## What you will do
Look for the line with "2ème Rainbow Unicorn" in the data below, then reproduce word for word that line and every line after it. Leave out all pictures and add nothing.

## Dataset extract
☆ ☆ ☆

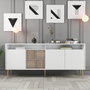 Hanah Home Milan Consola Blanco y Dorado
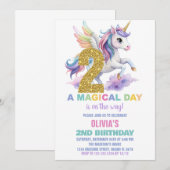 2ème Rainbow Unicorn Invitations Anniversaire Vol (Devant / Derrière)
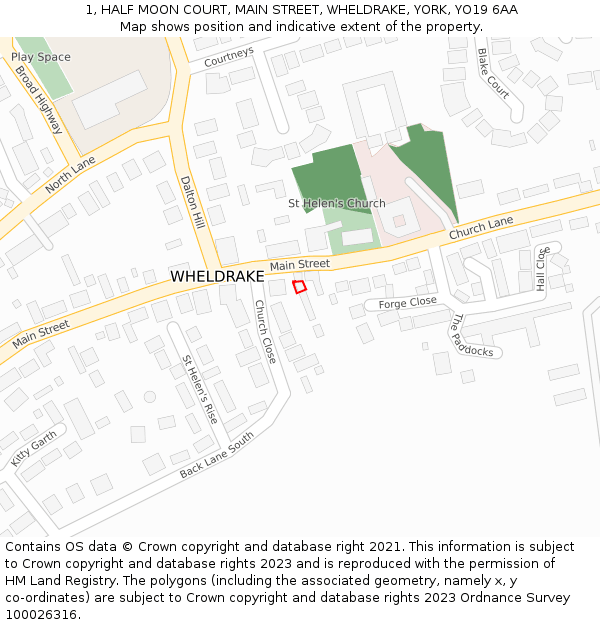 1, HALF MOON COURT, MAIN STREET, WHELDRAKE, YORK, YO19 6AA: Location map and indicative extent of plot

☆ ☆ ☆

## Written answer
 2ème Rainbow Unicorn Invitations Anniversaire Vol (Devant / Derrière)
 1, HALF MOON COURT, MAIN STREET, WHELDRAKE, YORK, YO19 6AA: Location map and indicative extent of plot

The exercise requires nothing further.